Ces chiffres ne peuvent cependant pas dissimuler la crise profonde où se trouve l'Eglise catholique. La croissance du nombre d'ahérents n'a pas suivi le rythme de la croissance démographique. Le nombre d'adhérents n'augmente, par rapport au chiffre de la population, que dans les régions où les catholiques représentent une petite minorité, incluant l'Afrique et une partie de l'Asie. En Amérique latine, il stagne en partie et en Europe et en Amérique du Nord, il est en baisse. En Amérique latine, il est de notoriété publique que l'Eglise catholique perd du terrain vis-à-vis de divers groupes évangéliques protestants.
Malgré les efforts des médias encourageant la béatification de Jean-Paul II, l'influence de l'Eglise sur de grandes parties de la population est en perte de vitesse. Le clergé catholique est lui-même discrédité parmi de nombreux catholiques. Dans certaines villes des Etats-Unis, comme à Detroit, on ferme des écoles catholiques.
Cette crise fut récemment aggravée par des scandales sexuels dans lesquels furent impliqués des prêtres et d'autres officiels de l'Eglise. On sait depuis, que Jean-Paul II a essayé durant son pontificat de couvrir des abus sexuels très répandus contre des enfants. Le rôle qu'il a joué en camouflant ces abus dans les Eglises américaine, irlandaise, autrichienne ainsi que dans d'autres, montre la double morale du Vatican en matière de sexualité. Cela contraste fortement avec la morale prêchée par l'Eglise contre les pratiques sexuelles normales des gens ordinaire. Pour Jean-Paul II et le Vatican, la défense du clergé, de son pouvoir, de son autorité et de son immunité vis-à-vis de tout contrôle, prenait le pas sur toute autre considération.
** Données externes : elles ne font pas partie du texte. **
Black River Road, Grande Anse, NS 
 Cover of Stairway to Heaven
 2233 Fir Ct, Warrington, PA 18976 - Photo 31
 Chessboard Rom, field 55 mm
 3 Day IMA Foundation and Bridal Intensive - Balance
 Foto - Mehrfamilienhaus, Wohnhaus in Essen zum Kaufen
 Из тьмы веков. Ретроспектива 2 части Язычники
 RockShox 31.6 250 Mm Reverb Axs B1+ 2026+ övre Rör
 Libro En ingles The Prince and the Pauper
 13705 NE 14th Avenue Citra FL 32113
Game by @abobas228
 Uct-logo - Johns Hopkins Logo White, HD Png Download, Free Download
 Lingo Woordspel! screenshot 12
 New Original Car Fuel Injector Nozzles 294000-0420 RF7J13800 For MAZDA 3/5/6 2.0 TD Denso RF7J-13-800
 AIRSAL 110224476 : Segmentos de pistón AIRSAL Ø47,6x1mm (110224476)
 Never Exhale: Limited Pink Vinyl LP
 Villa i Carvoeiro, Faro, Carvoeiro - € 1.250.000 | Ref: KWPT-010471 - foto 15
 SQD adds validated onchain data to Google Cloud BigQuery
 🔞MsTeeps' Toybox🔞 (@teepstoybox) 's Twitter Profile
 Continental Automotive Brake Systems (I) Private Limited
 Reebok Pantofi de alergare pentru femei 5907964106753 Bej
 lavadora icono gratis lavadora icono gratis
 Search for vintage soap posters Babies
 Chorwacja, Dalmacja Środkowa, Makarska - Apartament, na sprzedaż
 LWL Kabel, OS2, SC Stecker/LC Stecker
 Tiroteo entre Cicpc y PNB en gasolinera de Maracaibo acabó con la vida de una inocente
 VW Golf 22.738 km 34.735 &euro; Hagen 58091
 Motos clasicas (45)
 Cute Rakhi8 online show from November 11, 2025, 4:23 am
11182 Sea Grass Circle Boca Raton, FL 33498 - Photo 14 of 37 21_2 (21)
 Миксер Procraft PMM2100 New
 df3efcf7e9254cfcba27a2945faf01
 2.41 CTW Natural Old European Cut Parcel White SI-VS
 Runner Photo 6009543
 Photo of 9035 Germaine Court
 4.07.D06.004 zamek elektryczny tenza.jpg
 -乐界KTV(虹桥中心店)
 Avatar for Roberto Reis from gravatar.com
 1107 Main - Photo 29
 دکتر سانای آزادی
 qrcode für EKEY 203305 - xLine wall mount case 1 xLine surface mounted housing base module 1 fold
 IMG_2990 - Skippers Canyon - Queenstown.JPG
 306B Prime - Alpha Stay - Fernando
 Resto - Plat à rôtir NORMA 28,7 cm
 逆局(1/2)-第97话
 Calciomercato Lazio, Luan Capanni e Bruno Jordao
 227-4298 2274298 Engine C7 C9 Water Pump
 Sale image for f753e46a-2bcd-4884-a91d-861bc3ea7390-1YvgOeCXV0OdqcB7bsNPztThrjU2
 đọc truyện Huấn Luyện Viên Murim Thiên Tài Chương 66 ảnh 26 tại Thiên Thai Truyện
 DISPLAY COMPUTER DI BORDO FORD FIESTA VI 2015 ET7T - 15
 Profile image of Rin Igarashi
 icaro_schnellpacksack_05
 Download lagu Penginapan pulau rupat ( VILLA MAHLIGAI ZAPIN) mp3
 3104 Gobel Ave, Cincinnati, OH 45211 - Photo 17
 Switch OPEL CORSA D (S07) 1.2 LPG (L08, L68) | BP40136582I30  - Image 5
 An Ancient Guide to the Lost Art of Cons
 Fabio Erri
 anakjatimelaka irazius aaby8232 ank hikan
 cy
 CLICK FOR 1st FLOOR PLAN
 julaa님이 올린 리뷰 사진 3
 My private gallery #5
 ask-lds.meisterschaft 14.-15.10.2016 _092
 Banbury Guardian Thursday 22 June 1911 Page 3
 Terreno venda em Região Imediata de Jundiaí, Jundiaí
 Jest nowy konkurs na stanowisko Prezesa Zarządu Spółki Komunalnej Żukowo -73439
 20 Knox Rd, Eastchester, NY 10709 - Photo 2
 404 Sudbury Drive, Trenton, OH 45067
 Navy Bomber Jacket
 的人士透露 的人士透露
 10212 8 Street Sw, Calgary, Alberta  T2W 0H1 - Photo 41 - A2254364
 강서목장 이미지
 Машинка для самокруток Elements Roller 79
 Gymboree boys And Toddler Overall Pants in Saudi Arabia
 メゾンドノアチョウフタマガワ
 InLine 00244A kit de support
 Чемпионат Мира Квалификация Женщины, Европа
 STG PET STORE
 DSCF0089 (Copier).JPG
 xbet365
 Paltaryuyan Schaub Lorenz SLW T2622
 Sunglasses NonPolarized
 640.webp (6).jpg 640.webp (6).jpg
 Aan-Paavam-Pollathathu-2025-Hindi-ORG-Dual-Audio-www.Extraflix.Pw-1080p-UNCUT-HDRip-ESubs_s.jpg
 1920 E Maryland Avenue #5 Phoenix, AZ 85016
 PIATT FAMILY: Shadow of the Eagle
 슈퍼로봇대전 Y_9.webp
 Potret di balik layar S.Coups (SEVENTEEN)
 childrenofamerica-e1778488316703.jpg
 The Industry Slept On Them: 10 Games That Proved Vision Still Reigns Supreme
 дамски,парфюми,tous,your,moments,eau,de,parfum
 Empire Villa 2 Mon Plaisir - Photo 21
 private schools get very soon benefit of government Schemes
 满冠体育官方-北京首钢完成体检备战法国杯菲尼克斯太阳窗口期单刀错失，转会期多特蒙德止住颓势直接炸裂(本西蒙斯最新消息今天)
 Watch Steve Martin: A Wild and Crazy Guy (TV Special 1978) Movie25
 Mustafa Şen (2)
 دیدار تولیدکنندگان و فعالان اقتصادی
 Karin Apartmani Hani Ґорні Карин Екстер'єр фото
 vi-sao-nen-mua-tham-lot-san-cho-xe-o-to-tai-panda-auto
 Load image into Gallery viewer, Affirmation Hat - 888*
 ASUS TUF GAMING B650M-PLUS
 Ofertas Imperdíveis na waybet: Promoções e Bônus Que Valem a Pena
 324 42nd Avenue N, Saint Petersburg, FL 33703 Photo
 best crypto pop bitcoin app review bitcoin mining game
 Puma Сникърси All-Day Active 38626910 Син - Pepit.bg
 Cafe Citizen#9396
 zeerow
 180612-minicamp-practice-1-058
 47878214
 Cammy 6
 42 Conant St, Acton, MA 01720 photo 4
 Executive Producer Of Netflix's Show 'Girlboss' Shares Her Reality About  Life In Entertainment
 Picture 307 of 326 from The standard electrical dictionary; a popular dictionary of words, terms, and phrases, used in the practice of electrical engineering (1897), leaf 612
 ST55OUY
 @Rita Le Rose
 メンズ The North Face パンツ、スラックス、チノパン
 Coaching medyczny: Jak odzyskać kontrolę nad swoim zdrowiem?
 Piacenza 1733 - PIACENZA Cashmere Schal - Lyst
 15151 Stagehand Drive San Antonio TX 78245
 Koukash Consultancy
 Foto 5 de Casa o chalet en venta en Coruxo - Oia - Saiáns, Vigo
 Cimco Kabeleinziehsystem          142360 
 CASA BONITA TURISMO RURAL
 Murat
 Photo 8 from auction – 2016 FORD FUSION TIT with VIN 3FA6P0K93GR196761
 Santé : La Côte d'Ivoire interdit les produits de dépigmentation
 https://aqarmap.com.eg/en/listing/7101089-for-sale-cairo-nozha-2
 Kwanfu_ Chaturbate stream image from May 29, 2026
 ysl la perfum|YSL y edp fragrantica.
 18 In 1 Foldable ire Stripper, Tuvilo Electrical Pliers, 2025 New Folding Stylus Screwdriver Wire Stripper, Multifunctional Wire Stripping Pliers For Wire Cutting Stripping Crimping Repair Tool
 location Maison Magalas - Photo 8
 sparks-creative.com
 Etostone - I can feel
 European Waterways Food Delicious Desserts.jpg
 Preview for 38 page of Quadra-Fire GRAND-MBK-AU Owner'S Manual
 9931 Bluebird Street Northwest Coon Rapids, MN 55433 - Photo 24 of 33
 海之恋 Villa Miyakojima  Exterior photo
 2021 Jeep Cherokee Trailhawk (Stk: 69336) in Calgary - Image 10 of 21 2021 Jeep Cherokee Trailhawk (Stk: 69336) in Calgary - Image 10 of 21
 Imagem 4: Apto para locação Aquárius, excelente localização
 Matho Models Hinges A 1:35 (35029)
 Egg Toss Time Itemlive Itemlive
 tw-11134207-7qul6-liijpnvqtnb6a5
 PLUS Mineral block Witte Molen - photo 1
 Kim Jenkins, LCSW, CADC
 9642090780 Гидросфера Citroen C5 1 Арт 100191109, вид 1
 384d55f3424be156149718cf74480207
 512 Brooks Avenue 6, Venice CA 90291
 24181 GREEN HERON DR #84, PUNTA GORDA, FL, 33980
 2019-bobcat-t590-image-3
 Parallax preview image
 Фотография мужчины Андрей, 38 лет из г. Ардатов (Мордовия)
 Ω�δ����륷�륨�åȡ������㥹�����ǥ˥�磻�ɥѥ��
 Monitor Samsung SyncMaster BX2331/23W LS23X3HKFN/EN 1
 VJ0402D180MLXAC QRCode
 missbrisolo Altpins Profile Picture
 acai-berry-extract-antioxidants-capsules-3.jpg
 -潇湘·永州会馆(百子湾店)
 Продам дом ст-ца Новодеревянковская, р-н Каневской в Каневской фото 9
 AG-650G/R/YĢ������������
Jean-Paul II fut un personnage charismatique qui fut en mesure de ralentir quelque peu la baisse d'influence de l'Eglise catholique et de faire en sorte que l'institution garde sa cohésion. Son départ renforcera la pression interne et externe exercée sur cette institution vieillie, sclérosée et réactionnaire. Le spectacle médiatique absurde par lequel on essaie de faire, avec la mort du pape, de la réclame pour l'Eglise, est lui même une expression de la crise de cette institution et de celle de l'ordre bourgeois qu'elle défend.